Patrick Harvie, the Crocodile Dundee of nationalism

This week she was ready for them.

Last Thursday, Nicola Sturgeon was a jabbering mess under the inquisitive glare of Jackson Carlaw, a man whose interrogation techniques are less The Sweeney, more Hetty Wainthropp Investigates. His idea of roughing up a suspect is correcting their grammar.

The First Minister was poorly prepared for questions about Alex Salmond. She looked shifty — a wrong’un.

Yesterday she brought her best stony face. She looked like the head of a problem family fighting an eviction order. They’ve obviously been up to no good but they know their rights and ain’t sayin’ nuffin without speaking to their brief.

Her squad brayed and jabbed their fingers at the opposition benches, barely able to keep their seats as their exasperation levels went from mild frustration to Christina McKelvie doing long division.

For those keeping count at home, there are now five investigations under way. There’s a parliamentary inquiry, a government inquiry, a ministerial code inquiry, an Information Commissioner inquiry, and a police inquiry. Never let it be said that this government isn’t a job creator.

Jackson Carlaw’s every attempt to elicit more information about what Sturgeon knew and when she knew it — the Nixon questions — was rebuffed by precisely worded replies. ‘It is time to respect the inquiries that opposition members have called for and that I and my government have supported.’

It was important to remember the two women at the centre of this, Sturgeon said. You could hardly forget them if you keep having secret meetings with the subject of their allegations. Anyway, her feminist turn didn’t last long and soon she was talking up independence.
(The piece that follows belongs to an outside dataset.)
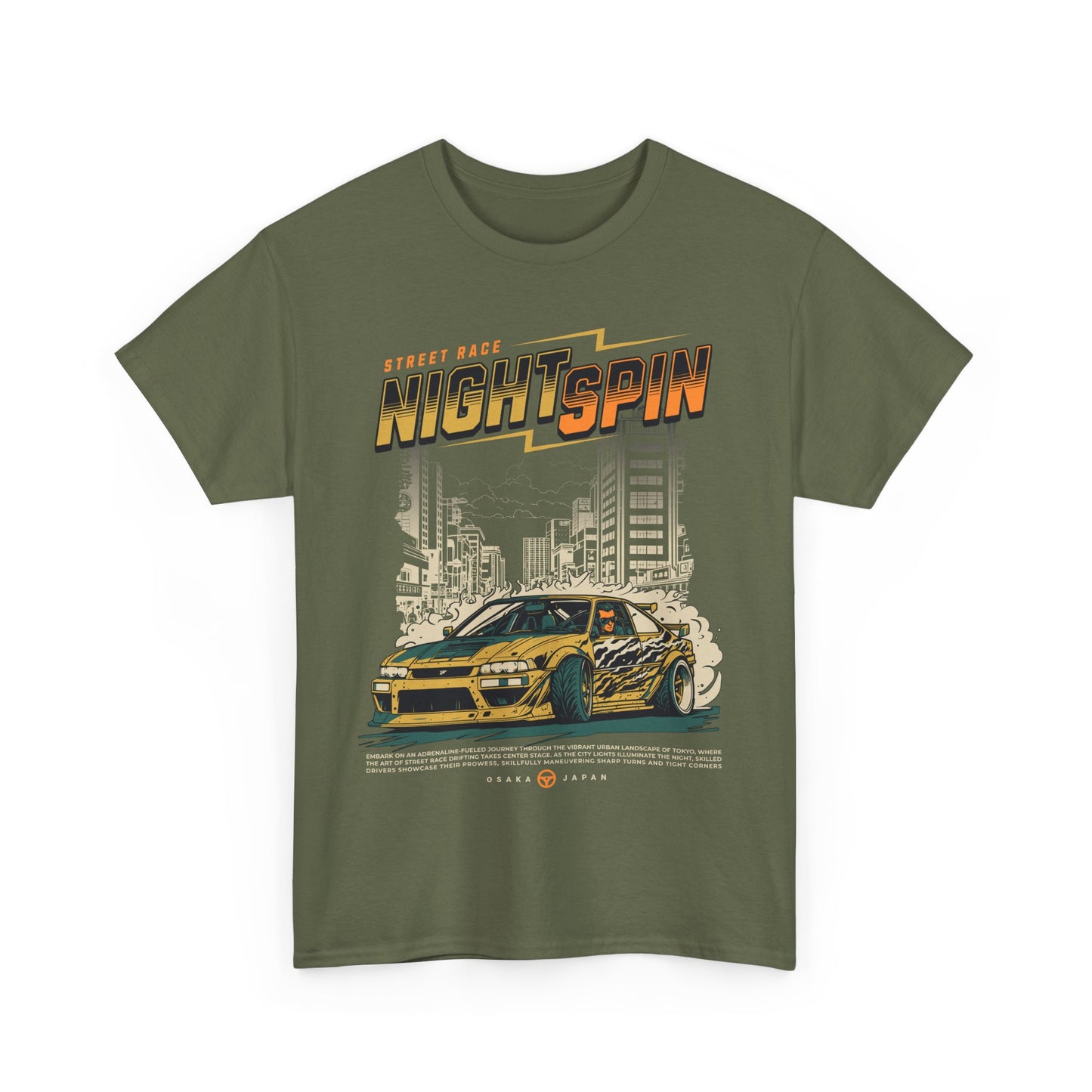 Street Race Night Spin Graphic Tee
That is how she hopes to distract voters from her role in what Carlaw called ‘this tawdry business’, like a Kirk elder who had caught the minister’s wife trying to pass off an M&S walnut loaf as her own in the church fete baking contest.
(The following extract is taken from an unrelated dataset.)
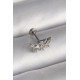 316L Çelik Gümüş Renk Dal Model Zirkon Taş Detaylı Tragus Piercing 316L Çelik Gümüş Renk Dal Model Zirkon Taş Detaylı Tragus Piercing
Keeping schtum is a canny strategy for a party one public brawl away from its own Jeremy Kyle special but makes for a dull question and answer session. Besides, as Carlaw pointed out, the First Minister is only refusing to respond in the chamber; her special advisers are still briefing journalists behind the scenes. Off-the-record phone calls to political correspondents — that’s how you respect a parliamentary inquiry.

Carlaw having got heehaw, it didn’t look promising for Richard Leonard. But the Scottish Labour leader ended up teasing out the two most newsworthy nuggets from the proceedings. First, he queried whether Sturgeon would hand over all relevant documents — not just government memos but internal SNP ones too.

‘We will provide whatever material they request,’ Sturgeon ventured, hesitantly. If you have shares in shredders, I’d hold onto them.

The second titbit extracted by Leonard was on the chairmanship of the parliamentary probe. Under Holyrood’s rules, it’s the SNP’s turn. He asked: ‘Will it step aside and ensure that an MSP from another party chairs the inquiry?’

Heads turned in the First Minister’s direction and finally the human form of ‘no comment’ had something to say: ‘It is not me who is establishing the inquiry and it is not me who will decide who will conduct the inquiry.’

A murmur rippled through the chamber. She didn’t seriously think her party could investigate itself, did she? Scotland might be run by Govanhill’s answer to the Ceaușescus but we’re not yet a banana republic.

Patrick Harvie, a little man with a high horse, used his questions to scold Messrs Carlaw and Leonard for quizzing Sturgeon on Salmondgate. You can’t ask questions of the First Minister in here. This is First Minister’s Questions.

Instead, they should be talking about Brexit, which was ‘the biggest political crisis for generations’. Not even in the next breath but the same one, he urged Sturgeon to press ahead with a second independence referendum. He’s the Crocodile Dundee of nationalism: ‘That’s not a political crisis. This is a political crisis.’